Parla, si muove di continuo, è difficile seguirlo, la sua velocità sequestra l´attenzione e la porta in giro. Lo studio dietro piazza Maggiore è un bazar di oggetti e di gente. Di voci, passi, porte che sbattono, risate. La sua stanza di lavoro è piccola e stipata di cose. Dischi d´oro e di platino, quadri, un letto impero coperto da una bandiera rossa con la faccia di Lenin presa in occasione di un concerto a Mosca e sopra una spada romana, locandine di spettacoli, fotografie («Sono stato a lungo un fotografo, poi mi ha stancato il mezzo»), un poster autografato di Valentino Rossi che grida «Lucio, sei un eroe», l´onorificenza di grande ufficiale con le firme di Ciampi e Berlusconi. Si affaccia Tobia, vecchio compagno di notti insonni, e gli mette in mano cento euro. Una voce lo chiama da sotto la finestra e lui cala una cesta di vimini appesa a una corda per tirare su un fascio di carte. Telefona Pupi Avati, più tardi in sala cinema una piccola compagnia di sodali vedrà il nuovo film appena montato e di cui Dalla comporrà la colonna sonora. L´aura è azzurra, come azzurri sono i bordi della sua camicia e i fili dei braccialetti di stoffa che gli stringono il polso destro. «Il turchese è il mio marchio, il mio karma. la pietra che vorrei uscisse da me, anche se il mio colore preferito è il blu».
Dalla ha scritto un libro. Si intitola Gli occhi di Lucio.

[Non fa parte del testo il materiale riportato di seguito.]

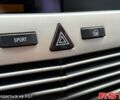 Черный Опель Астра, объемом двигателя 1.6 л и пробегом 370 тыс. км за 3599 $, фото 6 на Automoto.ua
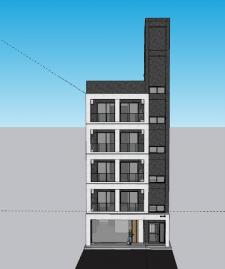 永慶同星｜竹科旁｜收租神器｜威尼斯金山會館A3四套房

Lo ha fatto con il fotografo Marco Alemanno, che ora è qui al suo fianco e spiega: «Lavoriamo assieme da quattro anni, ho trovato nei cassetti del computer di Lucio parole bellissime e ho pensato che sarebbe stata una bestemmia perderle». Dalla politica all´amore, da Maradona a Fellini, dai vecchi al dolore. A Dio. Come poteva mancare Dio. C´è un passo stupendo sul buio, il silenzio, una sera a Monte Sant´Angelo, in Puglia, sotto il cielo di Padre Pio: «Sono anni che vengo tra queste terre benedette e uniche. Vengo perché non so o perché non ne posso fare a meno. Credo di aver portato in questo posto decine di persone, tutti amici fidati, dopo essermi fatto promettere il totale mantenimento del segreto e la massima riservatezza e non prima di aver tranquillizzato i più suggestionabili, enfatizzando con parole giuste questo straordinario spettacolo. Ho visto molti di loro piangere e altri addormentarsi alla luce brillica delle stelle e al più impetuoso silenzio mai ascoltato prima».
Gli domando appunto di Dio, se ricorda il giorno in cui lo ha incontrato. Dice: «Forse è lui che ha incontrato me e ne è rimasto colpito. Ho passato la mia infanzia a Manfredonia, Dio l´ho conosciuto lì. Non c´è niente di meno casuale della casualità. Sono sempre stato credente in modo meridionale, il Sud è un monastero misterioso. Ho avuto molte ragioni per credere, non tutte belle. Non seguo le indicazioni della Chiesa, non amo il suo fondamentalismo, ma rispetto la sua ambizione di essere il tramite tra l´uomo e Dio, un paradosso fuori da ogni contesto storico ma per la Chiesa inevitabile. La mia fede è un muscolo, una lotta allegra, una sapienza. A messa mi diverte rispondere al prete semplicemente perché so le preghiere e mi piace dimostrare a me stesso che non ho dimenticato le parole dell´eucarestia».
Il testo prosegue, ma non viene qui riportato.